WHAT TO PRODUCE: Transcribe the records below in their entirety, and leave out each image.

(Image-text web data)

------------------------

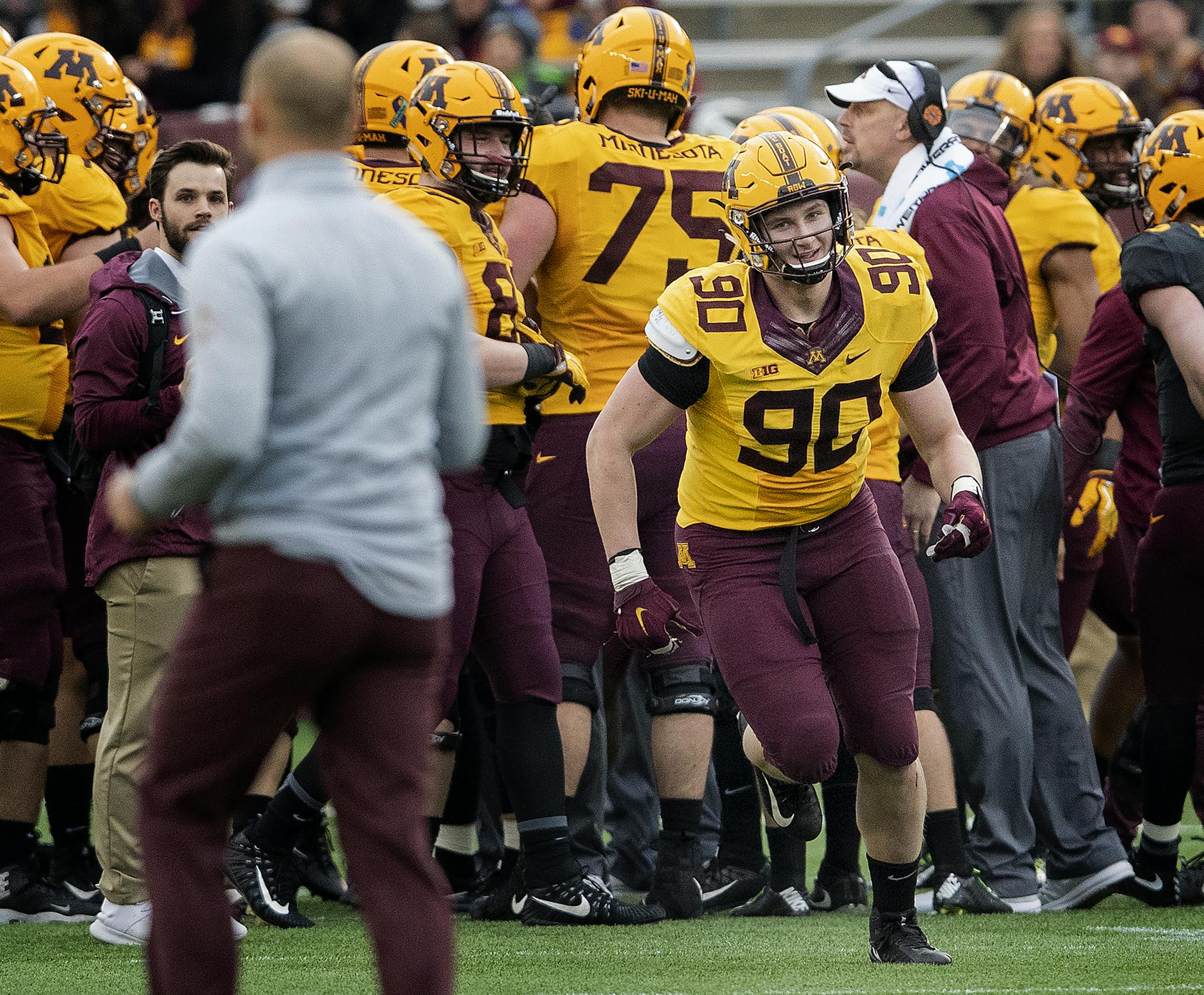 Sam Renner (90) ran to Gophers head coach P.J. Fleck after learning he won a scholarship during the spring game. ] CARLOS GONZALEZ &#x2022; cgonzalez@startribune.com &#x2013; April 12, 2018, Minneapolis, MN, TCF Bank Stadium, University of Minnesota Gophers Football Spring Game.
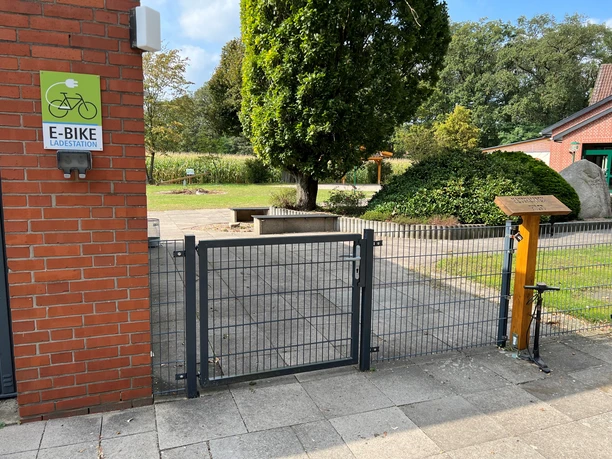 Hauskämpen Servicestation Eingangstor einer E-Bike Ladestation mit Gartenanlage und großzügiger Baumbestand im Hintergrund.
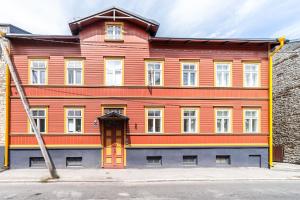 a large wooden building with a red door at Peaceful studio with desk & free parking near city center in Tallinn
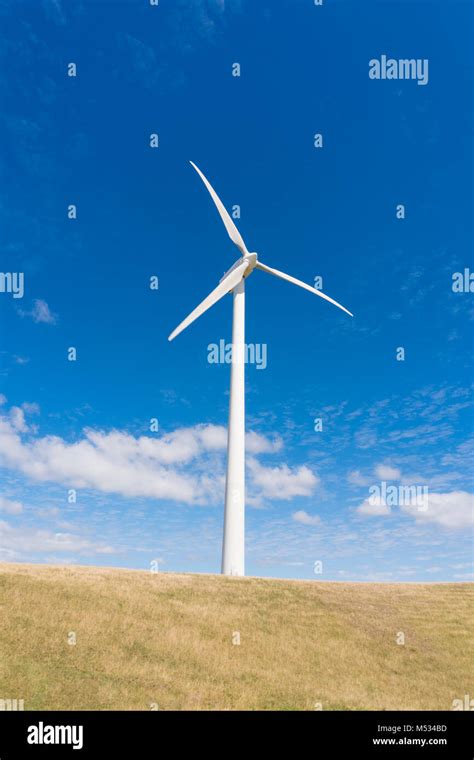 Wind Turbine Against Clear Blue Sky Stock Photo Alamy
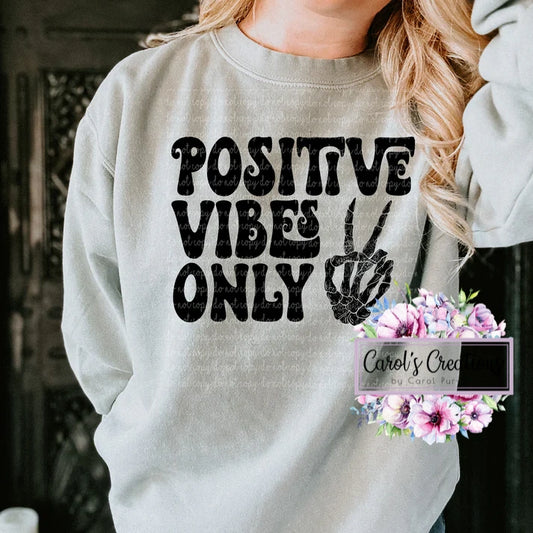 Person wearing a light gray sweatshirt with 'Positive Vibes Only' text and a peace sign.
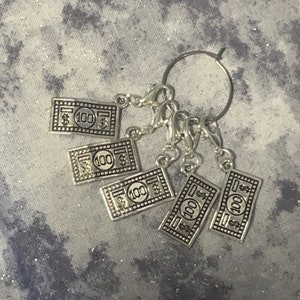 May include: Five silver-toned stitch markers shaped like £100 notes. Each marker has a ring attached to the top for easy use.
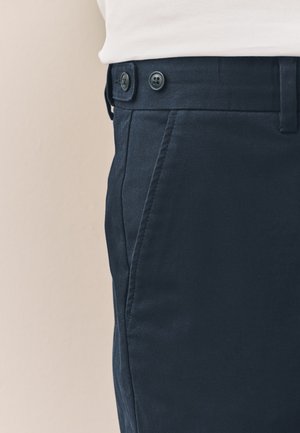 Marineblaue Hose aus glattem Stoff, mit zwei Seitentaschen und Zweiknopfverschluss, mit tailliertem Schnitt und sauberen Nähten.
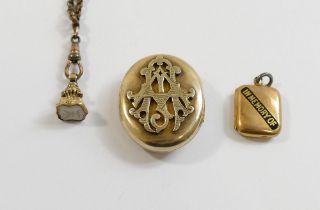 A large Victorian gold plated oval locket brooch with raised intertwined initials to the front, 3.
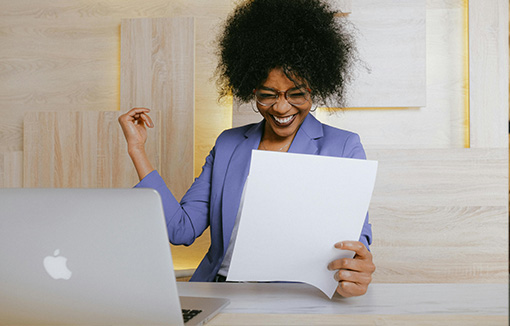 A happy student with a well presented document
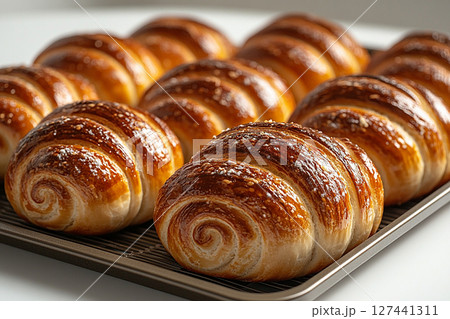 Comfort food.  Variety of baked snail-shaped buns in on a wooden trading tray on a white background. 127441311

------------------------

PROBLEM SOLUTION:
 Sam Renner (90) ran to Gophers head coach P.J. Fleck after learning he won a scholarship during the spring game. ] CARLOS GONZALEZ &#x2022; cgonzalez@startribune.com &#x2013; April 12, 2018, Minneapolis, MN, TCF Bank Stadium, University of Minnesota Gophers Football Spring Game.
 Hauskämpen Servicestation Eingangstor einer E-Bike Ladestation mit Gartenanlage und großzügiger Baumbestand im Hintergrund.
 a large wooden building with a red door at Peaceful studio with desk & free parking near city center in Tallinn
 Wind Turbine Against Clear Blue Sky Stock Photo Alamy
 Person wearing a light gray sweatshirt with 'Positive Vibes Only' text and a peace sign.
 May include: Five silver-toned stitch markers shaped like £100 notes. Each marker has a ring attached to the top for easy use.
 Marineblaue Hose aus glattem Stoff, mit zwei Seitentaschen und Zweiknopfverschluss, mit tailliertem Schnitt und sauberen Nähten.
 A large Victorian gold plated oval locket brooch with raised intertwined initials to the front, 3.
 A happy student with a well presented document
 Comfort food.  Variety of baked snail-shaped buns in on a wooden trading tray on a white background. 127441311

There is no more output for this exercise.